Нет, конечно, в этом в целом антифеминистском мире попадаются задумчивые и тихие красавицы, понимающие и добрые старухи и даже – в виде исключения – верные и работящие жены. «Она, вообще-то, хорошая. С нами жить – надо терпение да терпение иметь, думал Сергей. Одни проклятые выпивки чего стоят. А ребятишки, а хозяйство… Нет, они двужильные, что могут выносить столько. Тут хоть как-нибудь, да отведешь душу: выпьешь когда – все легче маленько, а ведь они с утра до ночи, как заводные» («Сапожки»). Но они даны отчужденно, со стороны, они не определяют его главных конфликтов и проблем.
Случайный гость в шукшинском мире и человек ушедший: борец-циркач («Игнаха приехал»), кандидат-филолог («Срезал!»), большой строительный начальник родом из деревни («Как зайка летал на воздушных шариках»), исчезнувший после войны где-то в городе брат («Приезжий»).

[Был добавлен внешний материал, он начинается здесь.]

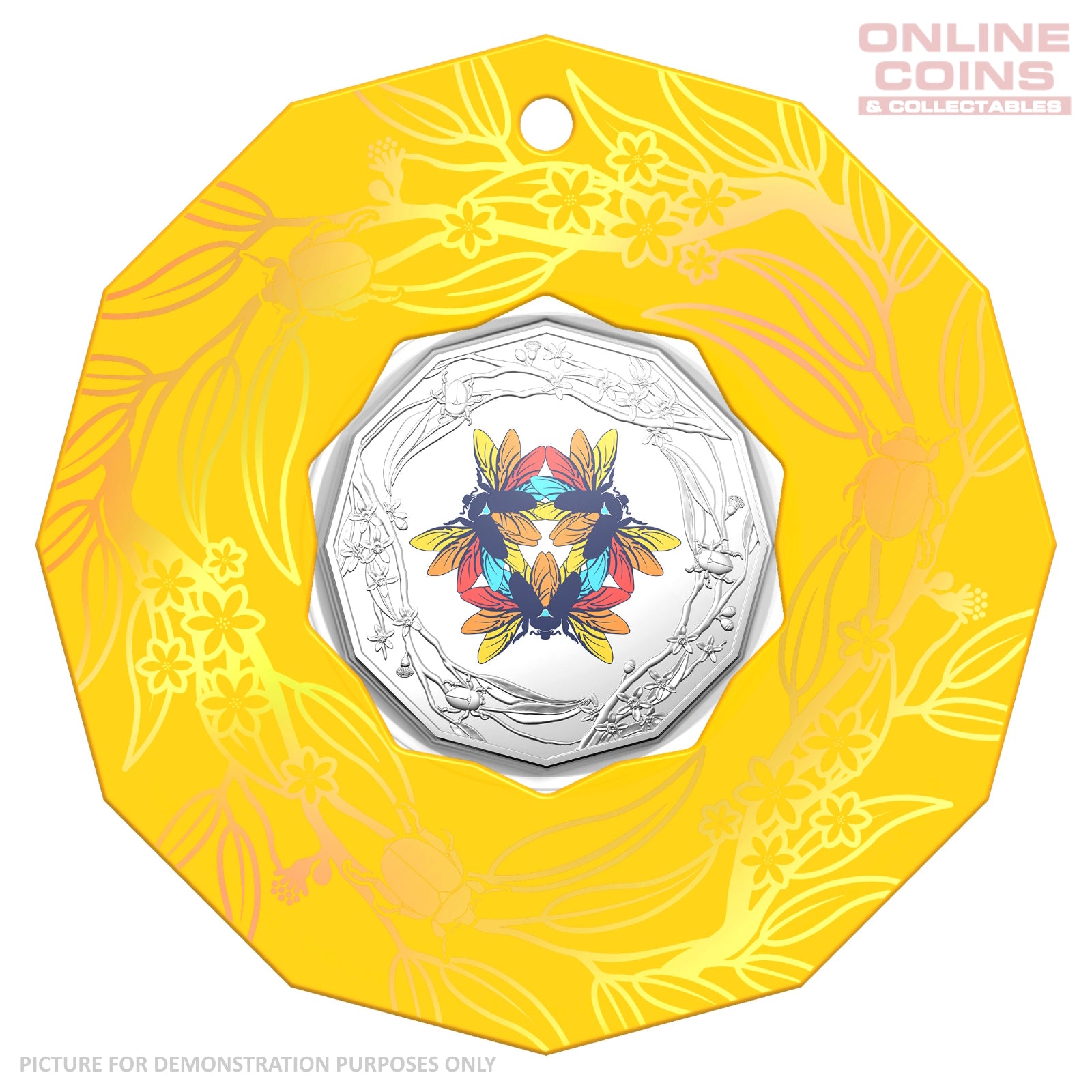 2022 50c CuNi Coloured Uncirculated Carded Coin - Christmas Decoration Beetle - YELLOW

Нужные лишь для конфликта и контраста, скучные посредственности: занудные бухгалтеры, добродетельные председатели колхозов, пронырливые снабженцы.
Любимый шукшинский персонаж – «человек в кирзовых сапогах» (С. Залыгин).
По профессии, статусу и образу жизни – «маленький человек» (как говорили в XIX веке), «простой советский человек» (как привычно формулировали через столетие). Шофер, механик, слесарь, пастух…
По мировоззрению и поведению – странный человек, домашний философ. Чудик, придурок, шалопай, психопат, дебил, упорный, рыжий, сураз…
История жизни этого героя-протагониста, феноменология его сознания придают содержательное единство миру Шукшина.
Ранний Толстой собирался написать роман «Четыре эпохи развития»: «Детство», «Отрочество», «Юность», «Молодость» (он осуществился лишь в форме так называемой автобиографической трилогии). В сценках-новеллах Шукшина таких эпох тоже четыре. Но охватывают они не первые десятилетия, а всю человеческую жизнь. Конечно, в соответствии с жанром Шукшин пишет не процесс, а намечает пунктир судьбы, обозначает некие константы, ключевые точки, в которых все время берутся психологические пробы.
Мечтатель – чудик – человек тоскующий – человек уходящий – в эту рамку укладывается жизнь центрального шукшинского персонажа.
Первая точка-эпоха совпадает с толстовской, хотя, конечно, шукшинский герой несет совершенно другие метки времени и психологии («Далекие зимние вечера», «Дядя Ермолай»). Деревенское босоногое детство в войну или после войны (здесь проза Шукшина наиболее автобиографична, даже исповедальна) – это тяжелый труд, голод и холод, безотцовщина, ранний уход из дома, неприязнь городских. Но одновременно это сладость детских игр, первые свидания, природа, гудящий в печке огонь и – главное – надежда на будущие сияющие вершины где-то на горизонте.
«А на горе, когда поднялись, на ровном открытом месте стоял… самолет… Он мне потом, этот самолет, снился потом. Много раз после мне приходилось ходить горой, мимо аэродрома, но самолета там не было – он летал. И теперь он стоит у меня в глазах – большой, легкий, красивый… Двукрылый красавец из далекой-далекой сказки» («Из детских лет Ивана Попова»).
«– А потом, когда техника разовьется, дальше полетим… – Юрку самого захватила такая перспектива человечества. Он встал и начал ходить по избе. – Мы же еще не знаем, сколько таких планет, похожих на Землю! И мы будем летать друг к другу… И получится такое… мировое человечество. Все будем одинаковые» («Космос, нервная система и шмат сала»). Тут уже другое детство, середины 1960-х, но мечты и надежды очень похожи.